### Exercise input
=== Begin Enclosure ===
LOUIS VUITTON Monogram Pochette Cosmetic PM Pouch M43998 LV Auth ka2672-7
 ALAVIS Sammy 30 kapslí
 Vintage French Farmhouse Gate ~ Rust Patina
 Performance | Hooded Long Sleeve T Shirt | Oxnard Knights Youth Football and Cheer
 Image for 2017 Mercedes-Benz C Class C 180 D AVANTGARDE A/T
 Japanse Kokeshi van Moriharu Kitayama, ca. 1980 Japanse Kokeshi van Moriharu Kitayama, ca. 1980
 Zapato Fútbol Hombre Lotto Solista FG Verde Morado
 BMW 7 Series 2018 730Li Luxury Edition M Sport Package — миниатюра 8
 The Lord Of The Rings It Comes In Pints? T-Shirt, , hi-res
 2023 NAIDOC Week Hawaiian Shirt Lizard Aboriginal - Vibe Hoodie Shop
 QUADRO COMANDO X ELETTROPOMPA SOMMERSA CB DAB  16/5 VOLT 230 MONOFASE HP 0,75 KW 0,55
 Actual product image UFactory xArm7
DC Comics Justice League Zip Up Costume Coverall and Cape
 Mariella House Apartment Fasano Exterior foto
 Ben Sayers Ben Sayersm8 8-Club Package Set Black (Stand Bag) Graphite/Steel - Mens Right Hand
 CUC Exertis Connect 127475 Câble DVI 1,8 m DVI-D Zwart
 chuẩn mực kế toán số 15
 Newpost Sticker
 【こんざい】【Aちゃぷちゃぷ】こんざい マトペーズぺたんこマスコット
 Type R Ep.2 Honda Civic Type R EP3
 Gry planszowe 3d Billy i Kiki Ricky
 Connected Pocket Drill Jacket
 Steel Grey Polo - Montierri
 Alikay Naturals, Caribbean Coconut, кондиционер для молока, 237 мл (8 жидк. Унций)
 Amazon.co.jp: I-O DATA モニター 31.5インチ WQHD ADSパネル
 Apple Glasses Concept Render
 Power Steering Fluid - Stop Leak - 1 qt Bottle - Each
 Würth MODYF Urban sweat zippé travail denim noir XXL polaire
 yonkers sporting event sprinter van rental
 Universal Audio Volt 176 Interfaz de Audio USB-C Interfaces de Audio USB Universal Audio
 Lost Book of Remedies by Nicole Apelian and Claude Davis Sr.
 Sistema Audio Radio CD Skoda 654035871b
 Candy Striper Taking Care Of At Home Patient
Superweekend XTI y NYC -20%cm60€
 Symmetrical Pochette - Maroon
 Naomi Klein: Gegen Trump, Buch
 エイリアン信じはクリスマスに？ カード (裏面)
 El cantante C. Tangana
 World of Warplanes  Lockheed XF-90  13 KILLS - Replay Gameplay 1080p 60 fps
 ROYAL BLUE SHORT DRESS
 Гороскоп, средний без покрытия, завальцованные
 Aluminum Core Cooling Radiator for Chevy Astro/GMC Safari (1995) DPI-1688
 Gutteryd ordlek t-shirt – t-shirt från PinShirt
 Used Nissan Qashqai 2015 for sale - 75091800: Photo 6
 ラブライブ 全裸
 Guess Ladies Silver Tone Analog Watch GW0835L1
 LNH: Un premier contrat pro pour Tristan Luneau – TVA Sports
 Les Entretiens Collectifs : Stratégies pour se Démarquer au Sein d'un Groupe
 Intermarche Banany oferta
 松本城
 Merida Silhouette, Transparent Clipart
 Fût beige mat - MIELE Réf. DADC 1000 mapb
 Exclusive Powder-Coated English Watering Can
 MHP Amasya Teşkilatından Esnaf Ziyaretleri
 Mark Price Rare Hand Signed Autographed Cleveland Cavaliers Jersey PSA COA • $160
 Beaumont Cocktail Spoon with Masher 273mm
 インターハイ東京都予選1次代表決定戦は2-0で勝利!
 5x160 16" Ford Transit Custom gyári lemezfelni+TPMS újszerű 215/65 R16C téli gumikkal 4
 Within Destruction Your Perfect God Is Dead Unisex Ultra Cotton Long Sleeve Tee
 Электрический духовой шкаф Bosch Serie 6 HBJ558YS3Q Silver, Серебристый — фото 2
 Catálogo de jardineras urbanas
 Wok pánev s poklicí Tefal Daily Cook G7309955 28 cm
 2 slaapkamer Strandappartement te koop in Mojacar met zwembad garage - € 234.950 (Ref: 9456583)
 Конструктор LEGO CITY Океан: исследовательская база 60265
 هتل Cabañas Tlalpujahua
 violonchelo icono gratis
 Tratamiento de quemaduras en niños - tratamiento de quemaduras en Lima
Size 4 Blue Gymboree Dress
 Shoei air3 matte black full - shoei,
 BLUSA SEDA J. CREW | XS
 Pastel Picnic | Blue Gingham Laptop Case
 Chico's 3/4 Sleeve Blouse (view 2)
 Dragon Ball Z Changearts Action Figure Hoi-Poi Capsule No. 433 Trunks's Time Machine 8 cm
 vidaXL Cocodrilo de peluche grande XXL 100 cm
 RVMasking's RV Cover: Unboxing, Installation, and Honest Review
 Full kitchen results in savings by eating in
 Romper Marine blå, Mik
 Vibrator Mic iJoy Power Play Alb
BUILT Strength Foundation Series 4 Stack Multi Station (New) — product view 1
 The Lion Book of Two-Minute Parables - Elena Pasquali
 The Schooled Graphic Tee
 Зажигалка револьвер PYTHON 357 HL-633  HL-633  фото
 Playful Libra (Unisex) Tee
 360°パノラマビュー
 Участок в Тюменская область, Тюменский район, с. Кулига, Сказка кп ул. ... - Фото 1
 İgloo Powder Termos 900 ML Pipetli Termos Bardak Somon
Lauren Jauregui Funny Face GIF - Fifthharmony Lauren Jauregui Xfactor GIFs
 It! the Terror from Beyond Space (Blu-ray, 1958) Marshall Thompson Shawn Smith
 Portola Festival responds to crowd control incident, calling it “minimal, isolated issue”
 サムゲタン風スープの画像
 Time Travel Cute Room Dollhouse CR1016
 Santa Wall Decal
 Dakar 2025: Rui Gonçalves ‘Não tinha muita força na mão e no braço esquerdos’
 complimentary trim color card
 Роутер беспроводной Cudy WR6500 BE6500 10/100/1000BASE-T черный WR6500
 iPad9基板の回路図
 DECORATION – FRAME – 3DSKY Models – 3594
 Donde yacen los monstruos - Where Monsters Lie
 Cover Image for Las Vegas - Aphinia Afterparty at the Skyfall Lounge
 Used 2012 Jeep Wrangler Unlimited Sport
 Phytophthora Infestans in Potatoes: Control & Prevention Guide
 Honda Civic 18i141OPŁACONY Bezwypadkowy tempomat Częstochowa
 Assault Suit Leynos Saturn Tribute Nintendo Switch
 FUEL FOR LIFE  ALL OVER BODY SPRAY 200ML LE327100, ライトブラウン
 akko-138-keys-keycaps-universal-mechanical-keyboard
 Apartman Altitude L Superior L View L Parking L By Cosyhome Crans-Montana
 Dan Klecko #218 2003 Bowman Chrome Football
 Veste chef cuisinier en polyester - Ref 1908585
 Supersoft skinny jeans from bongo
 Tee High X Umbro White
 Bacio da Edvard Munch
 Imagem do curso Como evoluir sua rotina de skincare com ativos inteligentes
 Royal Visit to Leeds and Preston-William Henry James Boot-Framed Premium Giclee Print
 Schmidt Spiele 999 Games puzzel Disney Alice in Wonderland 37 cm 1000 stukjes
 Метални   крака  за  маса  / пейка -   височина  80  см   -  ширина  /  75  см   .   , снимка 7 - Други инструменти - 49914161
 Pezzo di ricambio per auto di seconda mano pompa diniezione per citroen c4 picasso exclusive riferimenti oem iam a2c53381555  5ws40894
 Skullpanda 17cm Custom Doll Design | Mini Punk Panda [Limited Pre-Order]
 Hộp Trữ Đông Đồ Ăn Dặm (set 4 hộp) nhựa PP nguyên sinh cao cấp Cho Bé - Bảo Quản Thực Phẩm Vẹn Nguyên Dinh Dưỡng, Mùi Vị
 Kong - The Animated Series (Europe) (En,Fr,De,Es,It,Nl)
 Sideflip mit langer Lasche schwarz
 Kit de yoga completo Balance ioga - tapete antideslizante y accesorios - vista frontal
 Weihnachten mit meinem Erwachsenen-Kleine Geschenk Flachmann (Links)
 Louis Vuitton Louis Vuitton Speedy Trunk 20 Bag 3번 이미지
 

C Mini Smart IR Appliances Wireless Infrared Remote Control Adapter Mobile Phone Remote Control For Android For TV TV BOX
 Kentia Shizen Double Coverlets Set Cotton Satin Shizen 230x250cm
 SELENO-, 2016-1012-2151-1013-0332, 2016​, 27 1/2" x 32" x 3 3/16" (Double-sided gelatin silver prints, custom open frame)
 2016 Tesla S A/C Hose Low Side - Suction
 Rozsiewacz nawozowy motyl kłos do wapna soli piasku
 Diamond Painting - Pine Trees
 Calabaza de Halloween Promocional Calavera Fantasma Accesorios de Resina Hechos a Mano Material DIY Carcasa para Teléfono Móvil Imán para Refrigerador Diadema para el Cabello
=== End Enclosure ===
### Prompt
Only the lines above from the one with "Connected Pocket Drill Jacket" through the one with "Shoei air3 matte" should be duplicated, character for character.

### Solution below
 Connected Pocket Drill Jacket
 Steel Grey Polo - Montierri
 Alikay Naturals, Caribbean Coconut, кондиционер для молока, 237 мл (8 жидк. Унций)
 Amazon.co.jp: I-O DATA モニター 31.5インチ WQHD ADSパネル
 Apple Glasses Concept Render
 Power Steering Fluid - Stop Leak - 1 qt Bottle - Each
 Würth MODYF Urban sweat zippé travail denim noir XXL polaire
 yonkers sporting event sprinter van rental
 Universal Audio Volt 176 Interfaz de Audio USB-C Interfaces de Audio USB Universal Audio
 Lost Book of Remedies by Nicole Apelian and Claude Davis Sr.
 Sistema Audio Radio CD Skoda 654035871b
 Candy Striper Taking Care Of At Home Patient
Superweekend XTI y NYC -20%cm60€
 Symmetrical Pochette - Maroon
 Naomi Klein: Gegen Trump, Buch
 エイリアン信じはクリスマスに？ カード (裏面)
 El cantante C. Tangana
 World of Warplanes  Lockheed XF-90  13 KILLS - Replay Gameplay 1080p 60 fps
 ROYAL BLUE SHORT DRESS
 Гороскоп, средний без покрытия, завальцованные
 Aluminum Core Cooling Radiator for Chevy Astro/GMC Safari (1995) DPI-1688
 Gutteryd ordlek t-shirt – t-shirt från PinShirt
 Used Nissan Qashqai 2015 for sale - 75091800: Photo 6
 ラブライブ 全裸
 Guess Ladies Silver Tone Analog Watch GW0835L1
 LNH: Un premier contrat pro pour Tristan Luneau – TVA Sports
 Les Entretiens Collectifs : Stratégies pour se Démarquer au Sein d'un Groupe
 Intermarche Banany oferta
 松本城
 Merida Silhouette, Transparent Clipart
 Fût beige mat - MIELE Réf. DADC 1000 mapb
 Exclusive Powder-Coated English Watering Can
 MHP Amasya Teşkilatından Esnaf Ziyaretleri
 Mark Price Rare Hand Signed Autographed Cleveland Cavaliers Jersey PSA COA • $160
 Beaumont Cocktail Spoon with Masher 273mm
 インターハイ東京都予選1次代表決定戦は2-0で勝利!
 5x160 16" Ford Transit Custom gyári lemezfelni+TPMS újszerű 215/65 R16C téli gumikkal 4
 Within Destruction Your Perfect God Is Dead Unisex Ultra Cotton Long Sleeve Tee
 Электрический духовой шкаф Bosch Serie 6 HBJ558YS3Q Silver, Серебристый — фото 2
 Catálogo de jardineras urbanas
 Wok pánev s poklicí Tefal Daily Cook G7309955 28 cm
 2 slaapkamer Strandappartement te koop in Mojacar met zwembad garage - € 234.950 (Ref: 9456583)
 Конструктор LEGO CITY Океан: исследовательская база 60265
 هتل Cabañas Tlalpujahua
 violonchelo icono gratis
 Tratamiento de quemaduras en niños - tratamiento de quemaduras en Lima
Size 4 Blue Gymboree Dress
 Shoei air3 matte black full - shoei,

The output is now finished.